Print out the entries below with no edits.
=== Begin Enclosure ===
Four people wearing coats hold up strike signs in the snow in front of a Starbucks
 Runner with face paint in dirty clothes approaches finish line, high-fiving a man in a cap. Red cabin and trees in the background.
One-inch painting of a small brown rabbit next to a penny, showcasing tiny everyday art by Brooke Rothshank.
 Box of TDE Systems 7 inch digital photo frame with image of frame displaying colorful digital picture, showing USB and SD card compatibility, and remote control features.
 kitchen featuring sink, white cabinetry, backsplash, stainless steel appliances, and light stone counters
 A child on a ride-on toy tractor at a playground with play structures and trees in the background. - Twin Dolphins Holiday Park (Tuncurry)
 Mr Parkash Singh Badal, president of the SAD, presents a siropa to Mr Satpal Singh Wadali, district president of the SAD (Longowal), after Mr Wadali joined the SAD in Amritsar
=== End Enclosure ===
• Response to this task
Four people wearing coats hold up strike signs in the snow in front of a Starbucks
 Runner with face paint in dirty clothes approaches finish line, high-fiving a man in a cap. Red cabin and trees in the background.
One-inch painting of a small brown rabbit next to a penny, showcasing tiny everyday art by Brooke Rothshank.
 Box of TDE Systems 7 inch digital photo frame with image of frame displaying colorful digital picture, showing USB and SD card compatibility, and remote control features.
 kitchen featuring sink, white cabinetry, backsplash, stainless steel appliances, and light stone counters
 A child on a ride-on toy tractor at a playground with play structures and trees in the background. - Twin Dolphins Holiday Park (Tuncurry)
 Mr Parkash Singh Badal, president of the SAD, presents a siropa to Mr Satpal Singh Wadali, district president of the SAD (Longowal), after Mr Wadali joined the SAD in Amritsar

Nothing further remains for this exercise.